Thursday, March 24, 2011

In Paris 1

It's taken me a little time but I'm determined to catch up on my very late blogs!


Having established our arrival in Paris, I guess some info is needed about being there.  Paris is always Paris (and yes, we'll always have Paris and I love it in the springtime and I'm still waiting to drive through it in a sports car with the warm wind in my hair .......... shame about the age of 37!).  It was great to be there and also to experience it a tad on the chilly side but with the great advantage that brings, of it not being completely overrun by other touros.


It was hard to know where to start, having "done" lots of the major crowd-pullers such as the Louvre, D'Orsay, Eiffel, L'Orangerie on previous visits.  In a way that took the pressure off and Deb and I decided that a lot of our fun this time would be drawn from just being there and cruising the cafes and the restaurants in our patch in the Marais - absorbing Paris through our pores (and alimentary canals).
Now this is a TV


One of the things that really struck me this visit was that the strength of the $Oz seemed to make Paris relatively cheap and you didn't need a third mortgage to eat out at reasonable places, of which there are a plethora in the Marais.




One of our first visits was to the Musee des Artes et Metiers which had been strongly recomended to me by a work acquaintance, just around the corner from home and, while it was good, it wasn't earth shatteringly great.
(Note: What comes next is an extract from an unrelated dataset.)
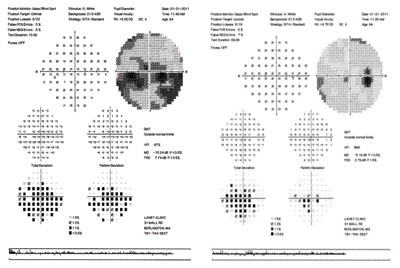 Figure 2. Humphrey visual fields (30-2). A central defect is seen in the right eye, and dense inferior and central defects are present in the left eye.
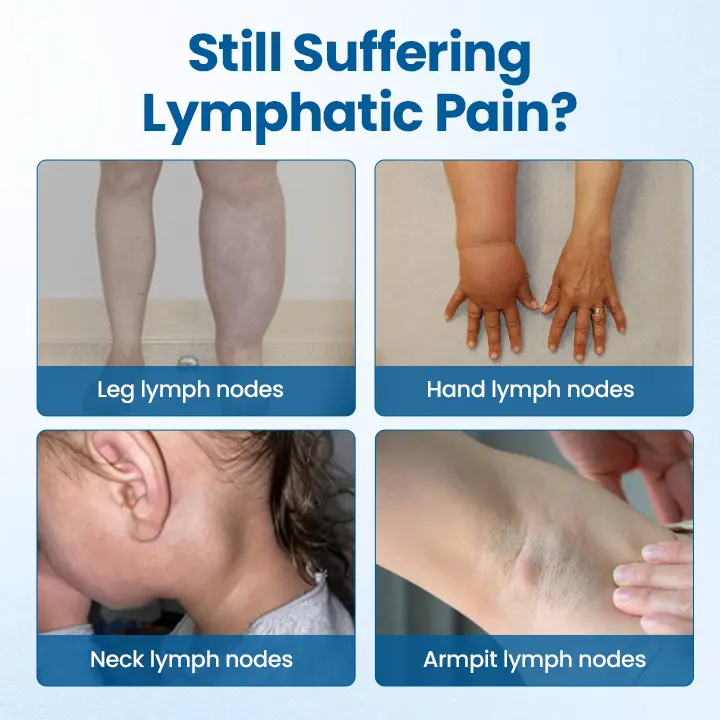 Lymphora Swelling Relief Roll-On - Image 9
The good things were the kitchenalia, glassware and the section on cameras, radios, TVs, watches etc.  There was lots of beautiful pottery, ceramics and glassware too.  One thing I'll say for though - it's not foot-numbingly big so you can take it in without wearing your legs down to the knees!


Beautiful in the Gardens


Later that day, we wandered around the Luxumbourg Gardens but it was really a little too cold to enjoy much.  I guess one should be impressed by the existance of such a long serving symbol of democracy (the French Senate sits in the formerLuxumbourg palace) but I thought the best thing there was some of the sculpture.


Next stop was the Montparnasse Cemetery, which I had somehow convinced myself was where Oscar and Jimmy were buried.  Wrong again.  Still a nice wander until the chill penetrated a little too deep here.




Mmmmmm
One of the few things we had planned for Paris was our anniversary/my birthday dinner at Restaurant Astier, just a 10 min stroll from our little apartment.  It had been recommended by a fellow food blogger of Deb's called David Lebovitz and his judgement was impeccable.  You can read all about it on Deb's blog (debsravingrecipes.blogspot.com) but the service, food and wine were terrific ( I had a veal terrine, magret de canard followed by a beautiful vanilla creme dessert.  We struck up a conversation with our very propinquitous neighbours at the next table, who proved to be from Dusselldorf and the conversation never stopped.  A great night.